Einführung
Eine Gruppe von 12 europäischen Banken, angeführt von Qivalis, hat Fireblocks ausgewählt, um die Infrastruktur für einen MiCA-konformen Euro-Stablecoin bereitzustellen. Das Projekt zielt auf einen Start in der zweiten Hälfte des Jahres 2026 ab, vorbehaltlich der Genehmigung durch die De Nederlandsche Bank im Rahmen der europäischen Verordnung über Märkte für Krypto-Assets.
Projektziele und Struktur
Qivalis erklärte, dass der Token vollständig reguliert und 1:1 mit dem Euro gedeckt sein wird. Das Unternehmen plant, das Produkt als elektronische Geldinstitution unter niederländischer Aufsicht zu strukturieren. Die Gruppe umfasst bankgestützte Unterstützung von Unternehmen wie BBVA, BNP Paribas, ING und UniCredit.
Technologische Infrastruktur
Fireblocks wird das Tokenisierungssystem, die Wallet-Infrastruktur und die Lebenszyklusmanagement-Tools für das Projekt bereitstellen. Die Plattform wird auch Compliance-Funktionen wie Identitätsverifizierung und Sanktionsprüfung unterstützen, die für regulierte digitale Vermögensprodukte in Europa zentral sind.
Ein Sprecher von Fireblocks erklärte, dass das Projekt als „reguliertes euro-natives Abrechnungsinstrument“ für europäische Institutionen entwickelt wird.
Anwendungsbereiche
Die Plattform ist darauf ausgelegt, Emission, Verwahrung, Treasury-Management und Zahlungsabwicklung über mehrere Bankanwendungen hinweg zu unterstützen. Darüber hinaus ist der geplante Stablecoin für institutionelle Anwendungen wie Abrechnung, Treasury-Operationen und tokenisierte Vermögenswerte gedacht.
Markt und regulatorische Rahmenbedingungen
Die beteiligten Banken zielen darauf ab, ein euro-denominiertes digitales Zahlungsmittel bereitzustellen, das über mehrere Geschäftsbereiche hinweg funktioniert, ohne auf dollarbasierte Stablecoins angewiesen zu sein. Dieser Schritt erfolgt, während europäische Banken und Unternehmen ihre Bemühungen verstärken, lokale digitale Zahlungsinfrastrukturen aufzubauen.

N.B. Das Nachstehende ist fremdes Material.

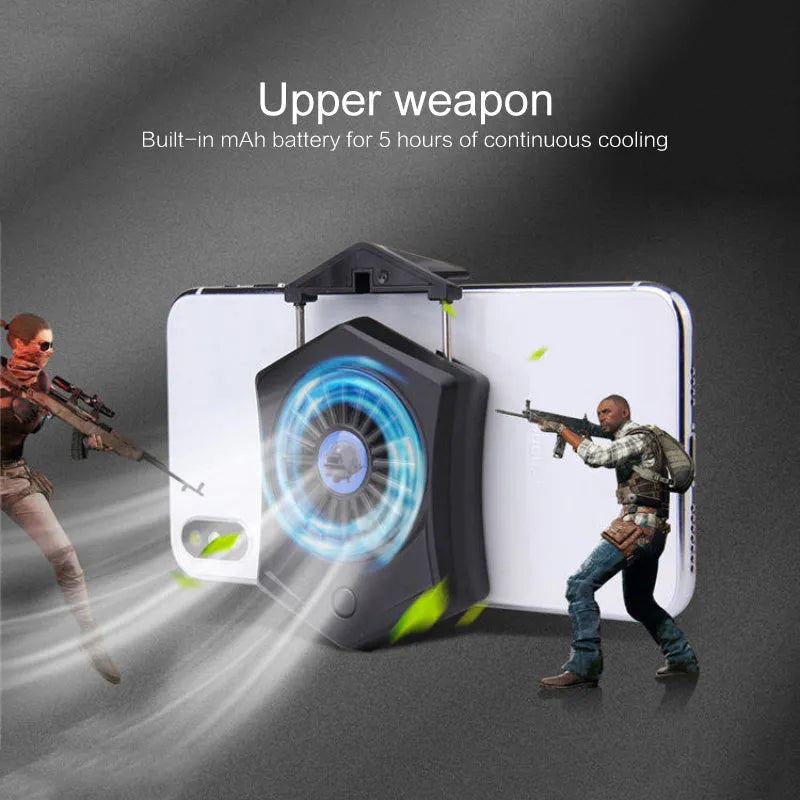 USB mobile phone cooling radiator in black and white colour options for gaming heat dissipation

Das Projekt spiegelt auch einen breiteren Vorstoß wider, die Abhängigkeit von dollar-denominierten Stablecoins zu verringern, die nach wie vor die globale Abrechnung und Zahlungsaktivitäten im digitalen Vermögensbereich dominieren. Daten von DeFiLlama zeigen, dass der globale Stablecoin-Markt bei etwa 320 Milliarden Dollar steht, wobei etwa 99 % des Angebots an den US-Dollar gebunden sind. Euro-denominierte Stablecoins bleiben ein kleiner Teil des Marktes, was europäische Institutionen dazu veranlasst hat, lokale Alternativen unter klaren regulatorischen Rahmenbedingungen zu unterstützen.
Politische und regulatorische Bedenken
Das Projekt kommt auch zu einem Zeitpunkt, an dem politische Entscheidungsträger und Regulierungsbehörden in Europa weiterhin Bedenken hinsichtlich der Rolle von Fremdwährungs-Stablecoins in der Region äußern. Die Bank für Internationalen Zahlungsausgleich hat kürzlich wiederholt gewarnt, dass einige Dollar-Stablecoins eher wie Anlagevehikel als wie Geld funktionieren könnten, aufgrund ihrer kurzfristigen Wertpapierexposition.
Anfang dieses Monats forderte der erste stellvertretende Gouverneur der Banque de France, Denis Beau, die Europäische Union auf, die Verwendung von Nicht-Euro-Stablecoins im alltäglichen Zahlungsverkehr zu begrenzen.
Fazit
Vor diesem Hintergrund fügt die von Qivalis geleitete Initiative einen weiteren Versuch hinzu, einen regulierten Euro-Stablecoin-Markt mit direkter Bankunterstützung und MiCA-konformer Infrastruktur aufzubauen.